Résumé
Au cours de l'année 2022, seules 11 nouveautés médicamenteuses ont apporté un progrès notable pour les patients, sur les 124 ayant fait l'objet d'une analyse avec cotation dans Prescrire.
Tous les mois, Prescrire publie une analyse indépendante, comparative et méthodique des nouveautés en matière de médicaments : nouvelles substances, nouvelles indications, nouvelles formes pharmaceutiques, etc. Prescrire suit aussi de près les effets indésirables des médicaments, les arrêts de commercialisation et les retours sur le marché, les réévaluations, les retraits du marché et la réglementation des produits de santé. L'objectif est d'aider les abonnés à distinguer, parmi les nouveautés, celles qui apportent un progrès pour les soins de celles qui s'ajoutent sans progrès, voire qui n'auraient pas dû être autorisées vu les incertitudes ou leur dangerosité.

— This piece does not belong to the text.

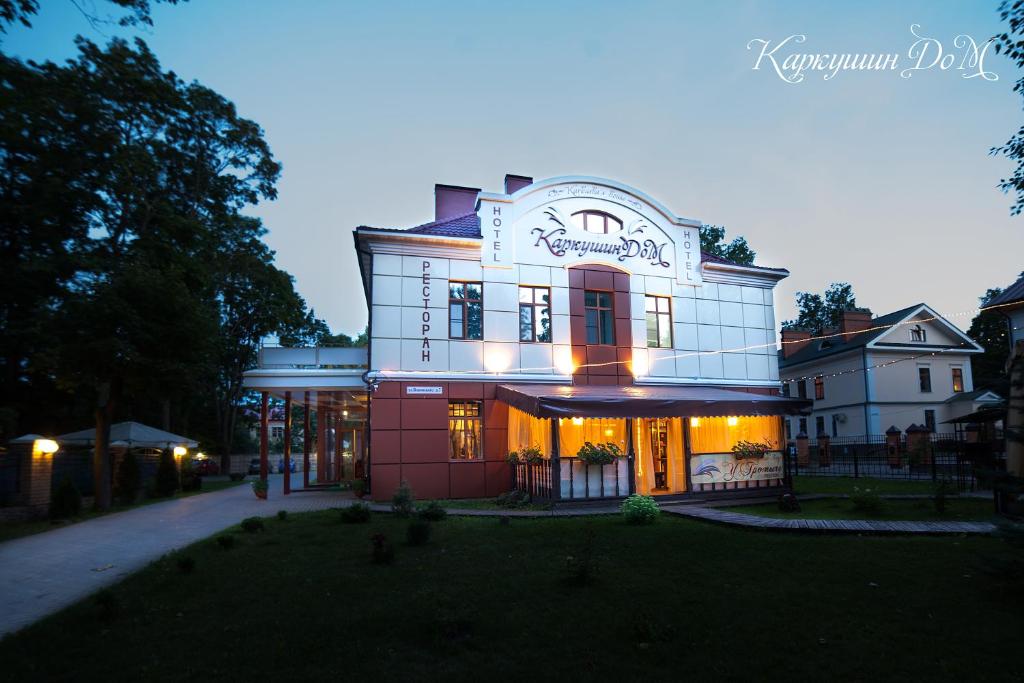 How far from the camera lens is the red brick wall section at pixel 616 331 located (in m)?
17.9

Pas de progrès majeur pour les soins en 2022
En 2022, 124 nouveautés médicamenteuses ont fait l'objet d'une analyse de progrès thérapeutique (lire le tableau "10 ans de cotations des nouvelles spécialités ou indications dans Prescrire").
Un certain progrès a été apporté par 34 nouveautés, un progrès notable par 11 (9 %) d'entre elles (cotées "Apporte quelque chose"), et modeste (cotées "Éventuellement utile") par les 23 autres, soit 19 %.
La moitié des nouveautés n'a pas apporté de progrès avéré (cotées "N'apporte rien de nouveau"). La balance bénéfices-risques n'a pas pu être déterminée faute d'évaluation clinique suffisante de l'efficacité ou des graves effets indésirables possibles (cotées "La Rédaction ne peut se prononcer") pour 13 nouveautés, soit 10 %. Enfin, les données d'évaluation ont montré que 14 nouveautés (11 %) sont plus dangereuses qu'utiles (cotées "Pas d'accord").
Quelques nouveautés à retenir
Après les progrès constatés avec les premiers vaccins covid-19 l'année précédente, le bilan est beaucoup plus modeste en 2022. Il se situe dans la moyenne observée par Prescrire avant la pandémie.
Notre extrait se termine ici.